# Yashica 35cc meter issue / battery



## rlevine (Jul 26, 2017)

I just picked up a 35cc that was claimed (and seems) to be in really good condition. I loaded a battery in it, battery check reads ok, and the meter definitely works (more light -> faster shutter) but it all seems to be skewing too far to one side of the exposures. I.e., the meter always indicates underexposure, pushing the shutter speed higher than necessary. Example: ISO400 on a sunny day at f/5.6 I'm getting shutter speeds longer than 1 second (should have been closer to 1/250 or faster, according to external metering).
The meter definitely "works" in that more light does change the exposure. So I'm wondering if perhaps the battery I'm using isn't optimal. I'm using a Duracell 28a. (I've used 2 different of these batteries with the same effect.)
Could this be the culprit? Any recommended battery? Or other issue I should be looking into?
Thanks
Randy


----------



## vintagesnaps (Jul 26, 2017)

I'm not that familiar with Yashica but that looks like a nice rangefinder. Try this Cameraquest listing, he has good knowledge of rangefinders. Yashica 35 CC
He has a different battery listed but I'm not sure when he wrote this and some batteries have been discontinued.

You could try the Rangefinder Forum; I think the same guy (Stephen Gandy) does that and Cameraquest. Or did, anyway, haven't looked at it in a long time.
Rangefinderforum.com Portal - Rangefinderforum


----------



## Derrel (Jul 26, 2017)

See if there is exposure compensatioin dialed in b y accident. Can you change the ISO level to compensate?

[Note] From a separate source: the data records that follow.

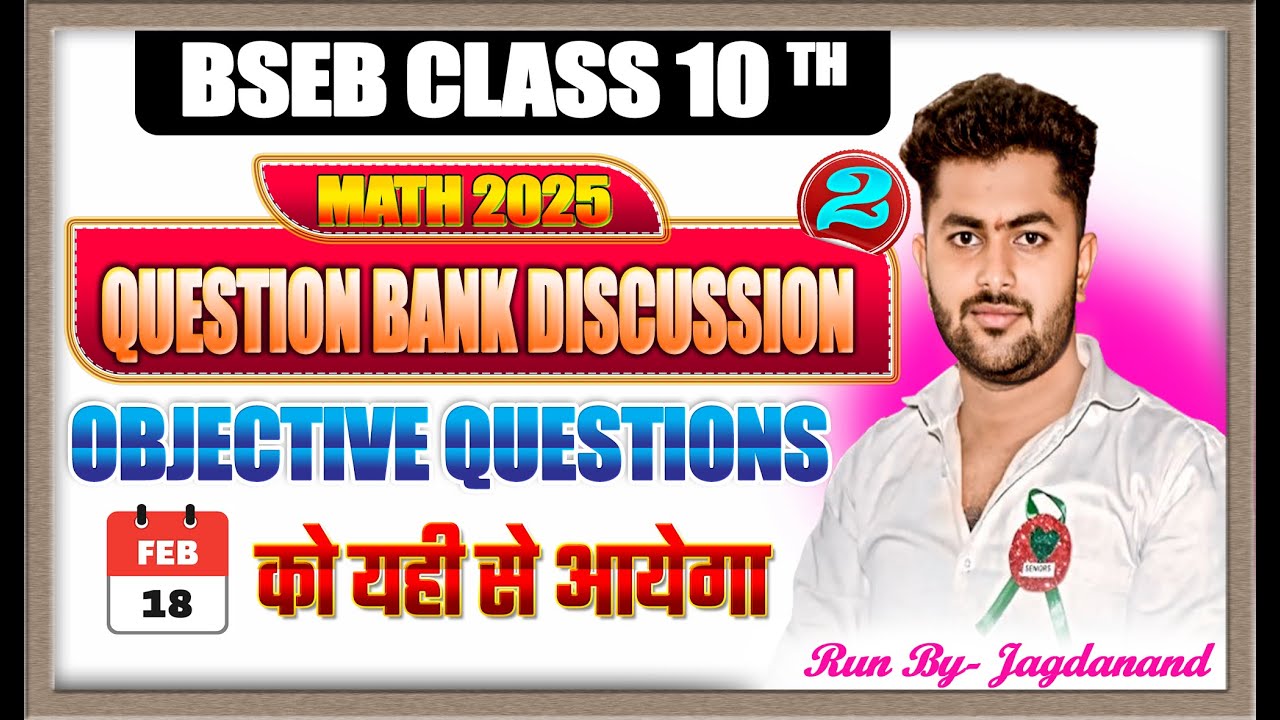 Class 10 PYQ 2025  Maths Objective||  Question Bank Discussion|| AtozHits Gyan ||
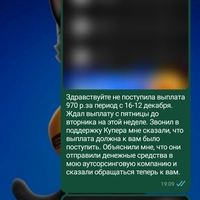 Screenshot_2025-01-19-02-29-52-442_com.whatsapp.jpg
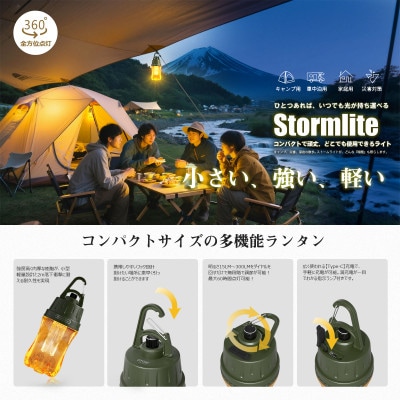 Stormlite 軽量設計 IP65 耐衝撃設計 電球色 充電式ランタン SK-D7S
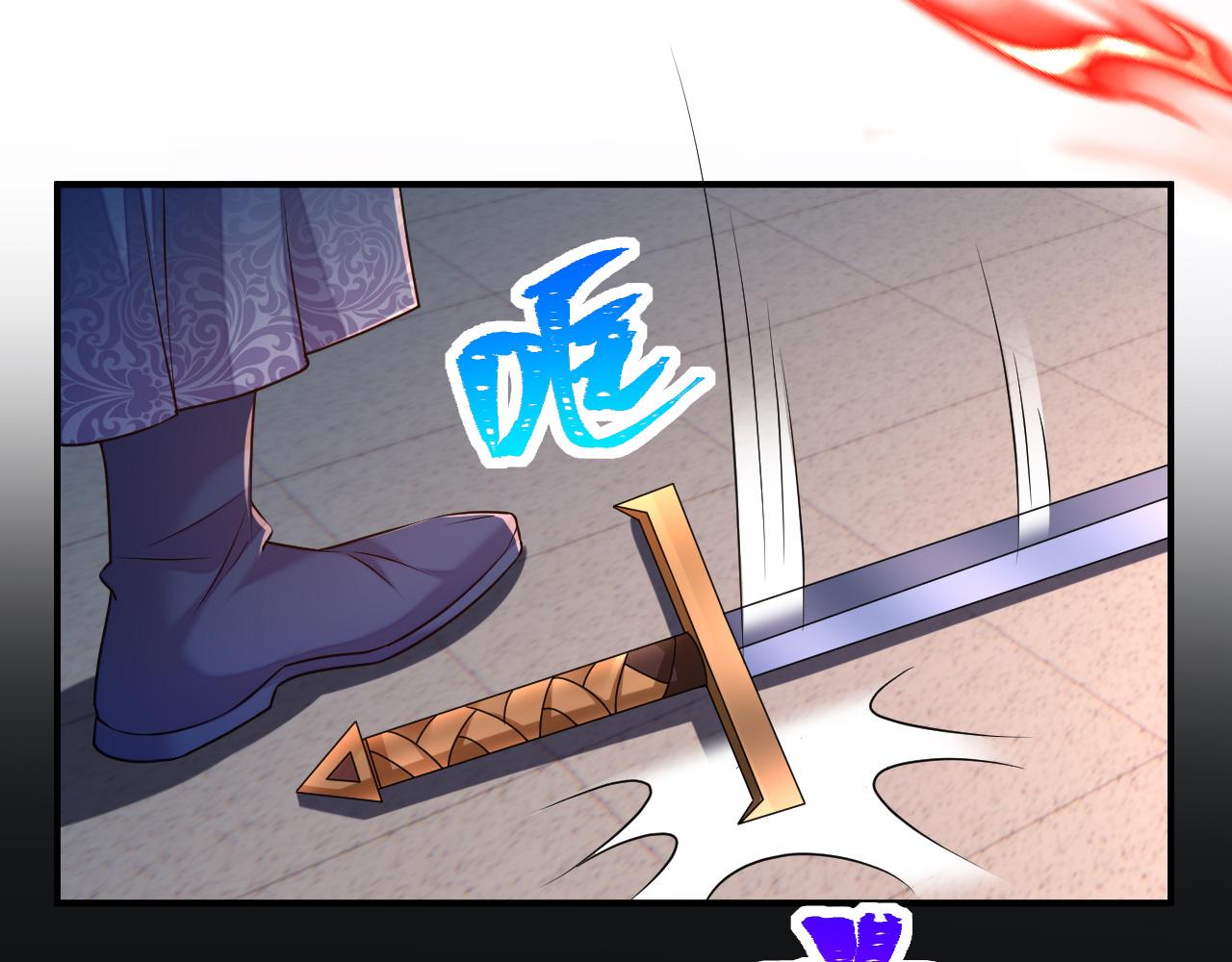 033 镜花水月93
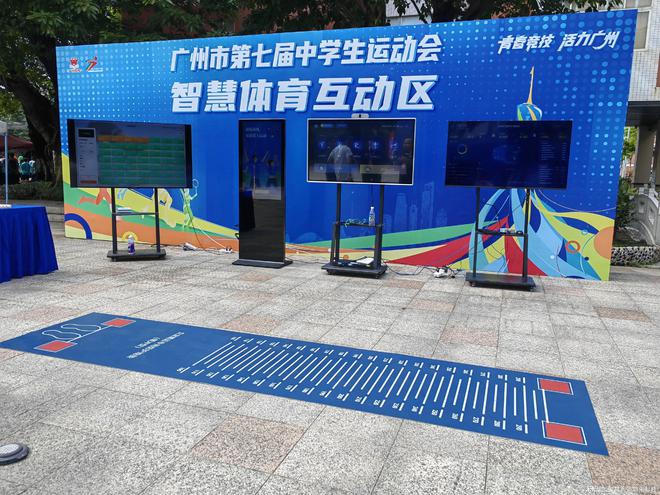 智慧体育场馆设施的安全管理系统(图2)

Can you work from a mential "offset" off this wonky meter?

With that weird ATL or "above the lens" CDS metering cell located in the filter ring area...does the lens have a filter threaded in, one that might fool the meter into using sloooooow exposures?


----------



## rlevine (Jul 27, 2017)

Thanks for the input y'all. It's not the settings (exposure compensation or ISO setting) - ISO400 should be plenty fast for the conditions I've been testing it in. And there's no filter.
The cameraquest page is actually where I learned of this camera, and it lists the battery as "Eveready 644 equivalent". The only one I've found local to me is the Duracell I mentioned. I've looked around online a ton and haven't seen anyone writing about using this particular battery in this camera, which is why I thought maybe that's the issue. I suppose I'll order some batteries and see if that makes a difference.


----------



## rlevine (Jul 27, 2017)

Hmm. I picked up a bunch of LR44's - 4 stacked is what some folks use for the 35cc - and I still have the same issue.


----------



## vintagesnaps (Jul 27, 2017)

I was going to suggest Freestyle because they give some equivalents. There's one that comes up for LR44 that's alkaline; I found some of those zinc air batteries don't last all that long.
Search Results | Freestyle Photographic Supplies 

If it's not the battery I wonder if it's the meter; then probably getting another meter (handheld) would be an option.


----------



## cgw (Jul 27, 2017)

_Or other issue I should be looking into?_
I'd say the very real possibility of smoked, ancient electronics. It's a relic. Play with batteries and shoot a roll--the only way to determine if it's just a paperweight/doorstop/tchotchke.


----------



## john.margetts (Jul 28, 2017)

If the meter wants longer shutter speeds than a known reliable meter, the thing I would look at first is dirt. That means cleaning both the outside and inside of the meter window. 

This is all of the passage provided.